I heard this line on a podcast the other day: “If you find others draining, you’re being inauthentic.”
I had never heard it put this way before, but it immediately hit home for me. Even though this was a new-agey podcast that addressed the fact that some people are more sensitive than others, the host had experienced this to be true for herself in so many situations, and I would have to agree.
The idea is that with many people, we make assumptions based on how we perceive them, and those assumptions to shape how we feel we have to perform or show up in the situation. And even though it can be so difficult to do so, when we drop those behaviours and simply show up as ourselves, we aren’t left feeling exhausted and drained by being inauthentic and “on”.

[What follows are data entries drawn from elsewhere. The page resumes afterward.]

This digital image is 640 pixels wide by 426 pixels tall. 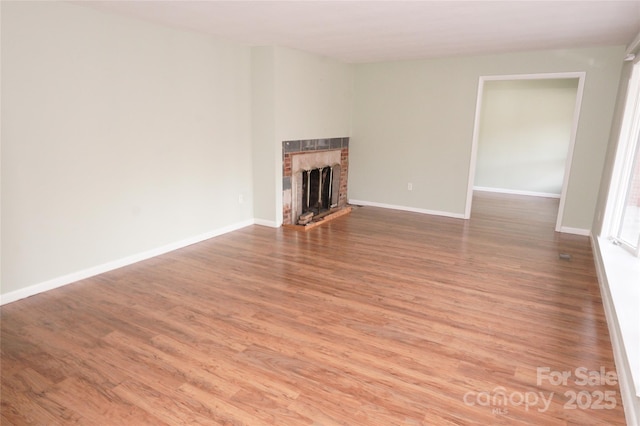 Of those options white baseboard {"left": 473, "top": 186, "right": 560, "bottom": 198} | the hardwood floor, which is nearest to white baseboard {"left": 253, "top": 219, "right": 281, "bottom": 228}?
the hardwood floor

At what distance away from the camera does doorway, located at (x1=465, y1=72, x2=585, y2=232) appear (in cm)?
747

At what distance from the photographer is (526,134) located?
775 centimetres

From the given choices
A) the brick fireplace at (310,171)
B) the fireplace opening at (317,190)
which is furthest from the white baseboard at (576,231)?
the fireplace opening at (317,190)

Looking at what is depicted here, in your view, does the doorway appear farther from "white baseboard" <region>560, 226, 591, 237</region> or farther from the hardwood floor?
the hardwood floor

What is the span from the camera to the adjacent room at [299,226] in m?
2.09

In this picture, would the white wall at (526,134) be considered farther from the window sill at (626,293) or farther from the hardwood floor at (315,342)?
the window sill at (626,293)

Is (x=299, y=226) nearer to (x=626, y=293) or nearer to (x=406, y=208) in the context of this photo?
(x=406, y=208)

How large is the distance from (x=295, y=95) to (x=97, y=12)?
2.46 metres

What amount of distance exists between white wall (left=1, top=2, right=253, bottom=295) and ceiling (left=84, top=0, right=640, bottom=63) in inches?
11.6

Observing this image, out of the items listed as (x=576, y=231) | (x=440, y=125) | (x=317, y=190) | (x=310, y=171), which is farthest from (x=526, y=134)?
(x=310, y=171)

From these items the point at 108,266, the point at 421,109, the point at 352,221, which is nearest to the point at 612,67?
the point at 421,109

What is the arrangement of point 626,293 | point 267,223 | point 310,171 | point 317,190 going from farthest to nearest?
point 317,190 → point 310,171 → point 267,223 → point 626,293

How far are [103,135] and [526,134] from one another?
7.53 m

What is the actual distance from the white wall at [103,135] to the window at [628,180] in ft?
14.0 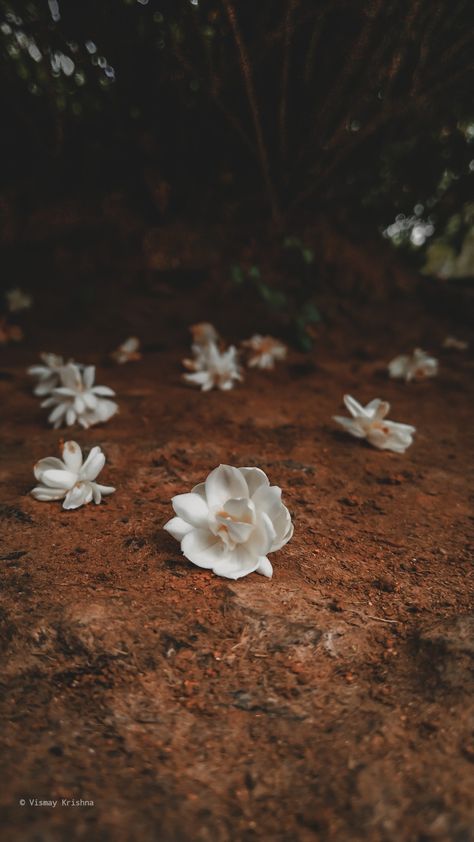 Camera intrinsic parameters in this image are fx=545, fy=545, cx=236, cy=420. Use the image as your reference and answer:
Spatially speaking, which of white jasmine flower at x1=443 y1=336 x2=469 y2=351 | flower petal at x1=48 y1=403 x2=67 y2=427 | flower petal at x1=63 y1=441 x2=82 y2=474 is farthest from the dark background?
flower petal at x1=63 y1=441 x2=82 y2=474

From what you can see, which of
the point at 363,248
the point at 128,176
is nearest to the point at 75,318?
the point at 128,176

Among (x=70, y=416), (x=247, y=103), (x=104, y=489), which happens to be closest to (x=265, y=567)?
(x=104, y=489)

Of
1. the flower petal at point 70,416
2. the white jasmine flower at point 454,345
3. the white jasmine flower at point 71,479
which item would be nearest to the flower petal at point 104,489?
the white jasmine flower at point 71,479

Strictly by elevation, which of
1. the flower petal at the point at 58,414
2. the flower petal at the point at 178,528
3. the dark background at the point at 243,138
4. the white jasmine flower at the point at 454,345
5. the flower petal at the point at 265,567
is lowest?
the white jasmine flower at the point at 454,345

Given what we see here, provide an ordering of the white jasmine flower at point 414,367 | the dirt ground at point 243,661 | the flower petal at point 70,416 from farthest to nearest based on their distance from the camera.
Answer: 1. the white jasmine flower at point 414,367
2. the flower petal at point 70,416
3. the dirt ground at point 243,661

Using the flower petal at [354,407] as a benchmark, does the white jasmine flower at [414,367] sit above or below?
below

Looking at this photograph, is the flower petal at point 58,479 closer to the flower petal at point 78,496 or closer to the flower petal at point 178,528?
the flower petal at point 78,496

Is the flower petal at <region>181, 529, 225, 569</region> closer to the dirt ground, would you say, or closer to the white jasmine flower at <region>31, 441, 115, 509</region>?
the dirt ground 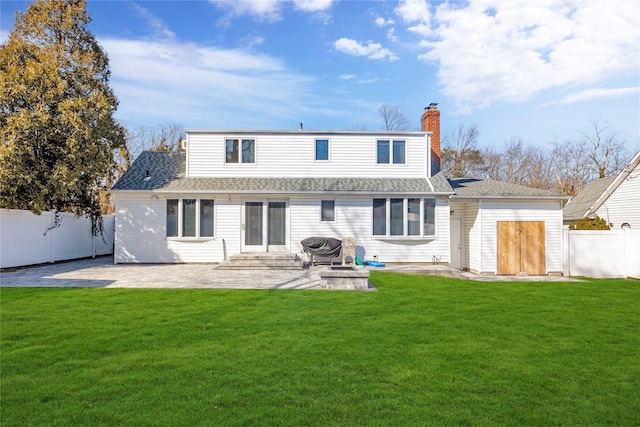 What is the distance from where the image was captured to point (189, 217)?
14789mm

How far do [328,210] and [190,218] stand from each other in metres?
5.76

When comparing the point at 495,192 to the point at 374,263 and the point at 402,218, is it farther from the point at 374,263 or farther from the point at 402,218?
the point at 374,263

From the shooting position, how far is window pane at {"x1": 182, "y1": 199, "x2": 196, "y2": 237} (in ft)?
48.3

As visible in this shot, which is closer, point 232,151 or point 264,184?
point 264,184

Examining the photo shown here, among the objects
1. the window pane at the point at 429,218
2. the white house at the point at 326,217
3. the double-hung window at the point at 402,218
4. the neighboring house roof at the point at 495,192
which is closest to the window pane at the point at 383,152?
the white house at the point at 326,217

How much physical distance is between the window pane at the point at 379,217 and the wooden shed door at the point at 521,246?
4656mm

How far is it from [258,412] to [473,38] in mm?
15503

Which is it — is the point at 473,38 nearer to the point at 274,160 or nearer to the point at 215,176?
the point at 274,160

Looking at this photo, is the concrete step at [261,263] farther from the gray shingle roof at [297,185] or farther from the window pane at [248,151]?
the window pane at [248,151]

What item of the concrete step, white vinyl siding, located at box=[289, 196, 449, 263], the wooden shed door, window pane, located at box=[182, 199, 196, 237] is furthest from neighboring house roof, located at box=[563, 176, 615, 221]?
window pane, located at box=[182, 199, 196, 237]

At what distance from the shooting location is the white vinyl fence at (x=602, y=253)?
13.9 meters

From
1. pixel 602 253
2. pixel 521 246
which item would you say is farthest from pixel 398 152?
pixel 602 253

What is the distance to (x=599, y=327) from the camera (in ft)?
20.9

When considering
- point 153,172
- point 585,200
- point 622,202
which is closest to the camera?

I’m both introverted and highly sensitive to stimuli (HSP), so it’s rare that I don’t leave a social situation feeling drained. Almost always, I get home and need to cocoon alone for a while, even if I was only hanging out with people for a few hours. But this concept really struck a chord in me, because it feels like despite my biology and personality, I probably have more wiggle room than I think when it comes to preserving my energy around others.
So these days, I’m challenging myself to be as authentic as I can. Normally I dread small talk and meeting new people, but I’m aiming to just be myself as much as possible, and see if that helps. If I feel tired, I can excuse myself. If I need water, I can get some. If I don’t want to talk about something, I can change the subject. If I don’t feel animated, I don’t have to act animated.
I’m heading into a week of socializing (two of my friends are getting married and I’ll be spending a lot of time interacting with people I don’t know throughout the festivities) so I’m trying this idea on for size. To feel energized, be authentic. I’ll let you know how it goes.